This article was published on April 19th, 2017
Three Appeal Court judge’s have upheld an original family court ruling to refuse a divorce on the grounds of that the reasons given, did not meet ‘unreasonable behaviour’ definitions. The reasons given by the wife for wanting a divorce did not fall into any of the 5 categories legally allowed for an irretrievable breakdown:
Although she made 27 claims about how his behaviour toward her makes her feel unhappy and want to leave her husband of 40 years, none of them fall into categories for ‘unreasonable behaviour’ such as verbal or physical abuse or adultery.
The husband’s solicitor said: “At the moment, as the law stands, unhappiness, discontent, disillusionment are not facts which a petitioner can rely upon as facts which prove irretrievable breakdown.”
The reason this case is unusual is because, on this occasion, the divorce is being defended by the husband and in most cases, it is a mutual decision to separate and a divorce is undefended.

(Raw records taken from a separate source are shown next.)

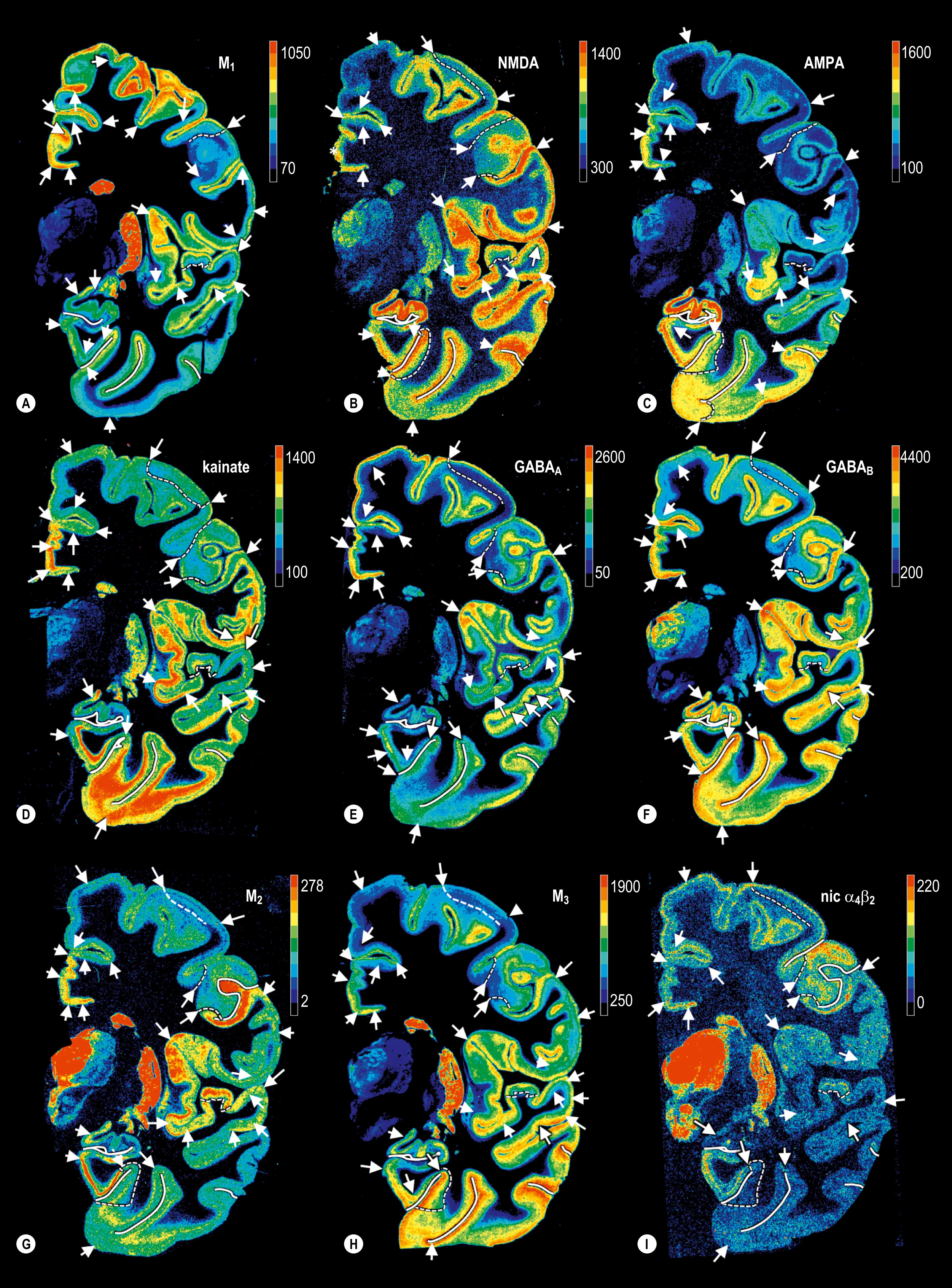 Fig. 32.29, A–R , Regional and laminar distribution of various neurotransmitter receptors of the human brain visualized with colour-coded quantitative receptor autoradiography. Each image, obtained from nine contiguous coronal slices at the level of the central sulcus, shows the distribution of the following receptors: A , Acetylcholine muscarinic M 1 receptor; B , glutamate NMDA receptor; C , glutamate AMPA receptor; D , glutamate kainate receptor; E , GABA A receptor; F , GABA B receptor; G , acetylcholine muscarinic M 2 receptor; H , acetylcholine muscarinic M3 receptor; I , acetylcholine nicotinic α 4 β 2 receptor; J , noradrenaline α 1 receptor; K , noradrenaline α2 receptor; L , serotonin 5-HT 1 A receptor; M , dopamine D 1 receptor; N , glutamate metabotropic mGluR2/3 receptor; O , serotonin 5-HT 2 receptor; P , adenosine A 1 receptor; Q , map of the respective cortical areas; R , myelin-stained alternate section. Key and abbreviations: 1, area 1 (part of primary somatosensory cortex); 2, area 2 (part of primary somatosensory cortex); 3a, area 3a (part of primary somatosensory cortex); 3b, area 3b (part of primary somatosensory cortex); 4a, area 4a (part of primary motor cortex); 4p, area 4p (part of primary motor cortex); 6, area 6 (lateral premotor cortex); 23c, area 23c (posterior cingulate cortex); 23d, area 23d (posterior cingulate cortex); 24dd, area 24dd (midcingulate cortex); 24dv, area 24dv (midcingulate cortex); 33, area 33 (cingulate cortex); 35, area 35 (perirhinal cortex); 36, area 36 (ectorhinal cortex); a, amygdala; c, central sulcus; cd, caudate nucleus; ci, cingulate sulcus; cl, claustrum; co, colateral sulcus; ec, entorhinal cortex; gp, globus pallidus; h, hippocampal formation; HATA, hippocampo-amygdaloid transition area; ins, insula; it, inferior temporal sulcus; lf, lateral fissure; occt, occipito-temporal sulcus; p24a′, area p24a′; p24b′, area p24b′; poc, postcentral cortex; prc, precentral sulcus; pu, putamen; r, nucleus ruber; S II, secondary somatosensory cortex (parietal opercular cortex); SMA, supplementary motor cortex; sn, substantia nigra; st, superior temporal sulcus; unc, uncinate sulcus; Te1, area Te1 (primary auditory cortex); Te2.1, area Te2.1 (secondary auditory cortex); Te2.2, area Te2.2 (secondary auditory cortex); Te2.3, area Te2.3 (secondary auditory cortex); Te3.1, area Te3.1; Te3.2, area Te3.2; TI, temporo-insular area; TPO, temporo-parieto-occipital cortex; trans, transentorhinal area. Arrows label boundaries of cortical areas. Colour scales indicate densities of receptors in fmol/mg protein.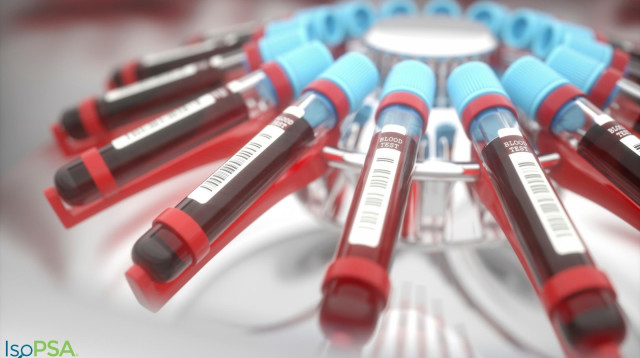 בדיקת דם (צילום:  IsoPSA)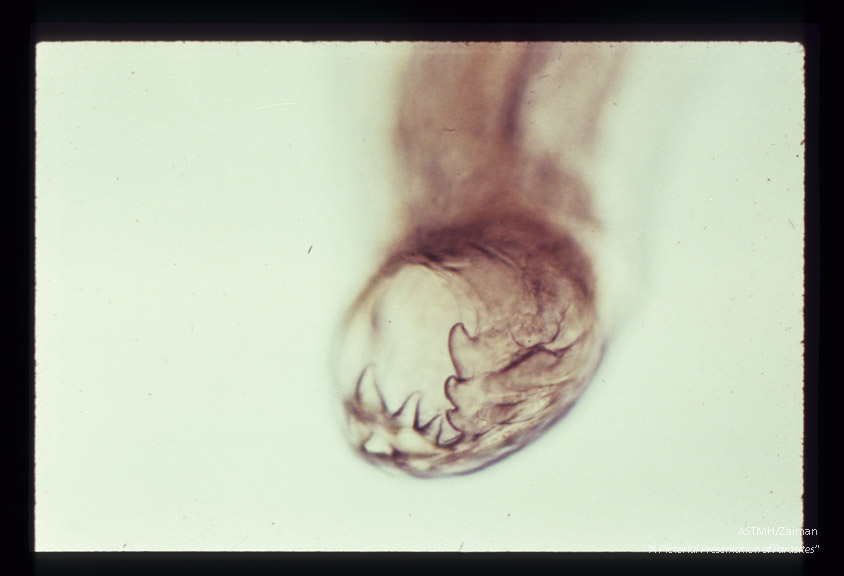 Three pairs of hooks are seen in the mouth of this hookworm.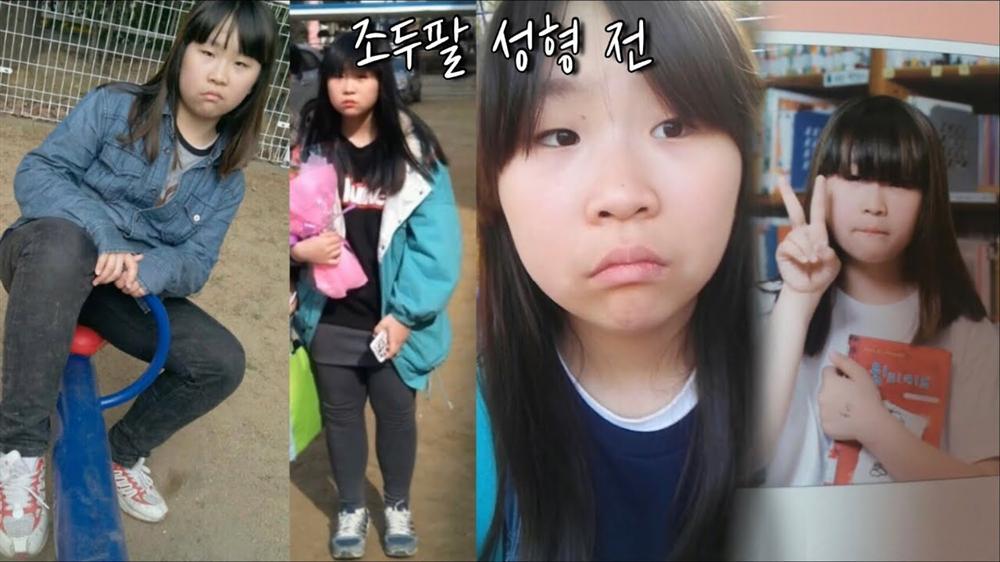 Youtuber Hàn lột xác như hot girl sau nhiều lần phẫu thuật thẩm mỹ-2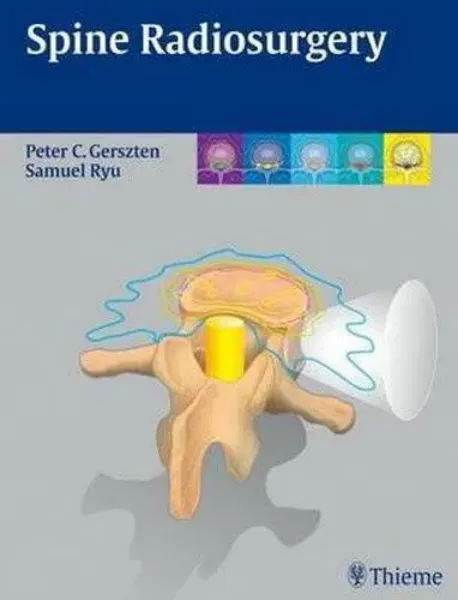 Imagem de Spine Radiosurgery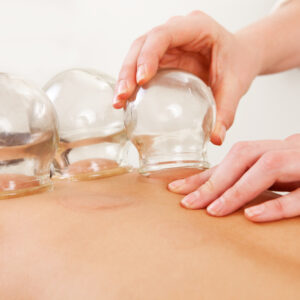 Cupping (Hijama) Therapy – Natural Healing Through Ancient Wisdom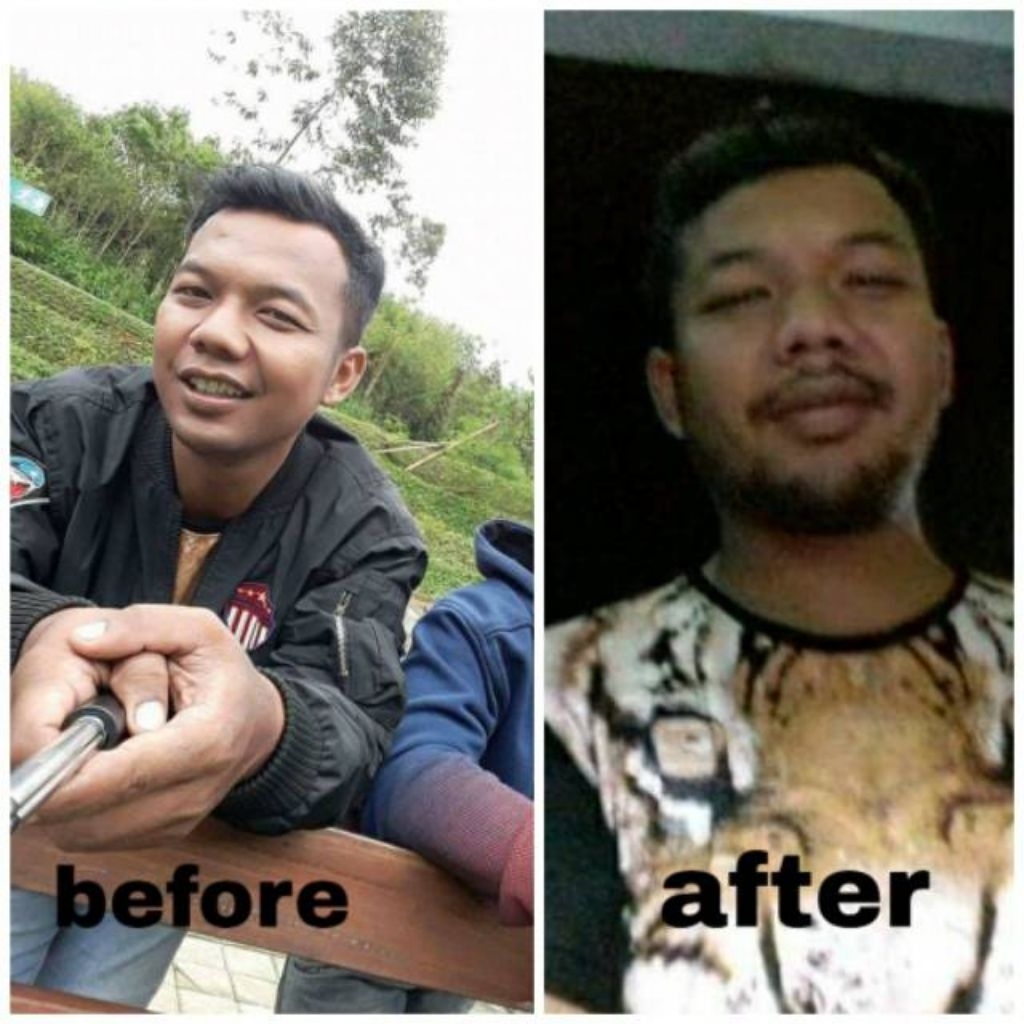 Penumbuh Brewok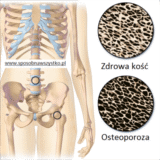 Jak zapobiegać osteoporozie?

But it appears that judges are following the letter of the law and until a ‘no fault’ option is legal, this situation may happen again.
Claims have been made that the absence of a ‘no blame’ option for divorces, encourages couples to allege more serious problems about their relationships just so the ‘unreasonable behaviour’ box can be ticked and this makes the process far more stressful than it needs to be.
Lady Justice Hallett, who was one of the appeal court judges on this case, said: “It is for parliament to decide whether to amend [the law] and to introduce ‘no fault’ divorce on demand; it is not for the judges to usurp their function.”
The wife’s only option now is to petition for divorce when she can prove continuous separation for five years.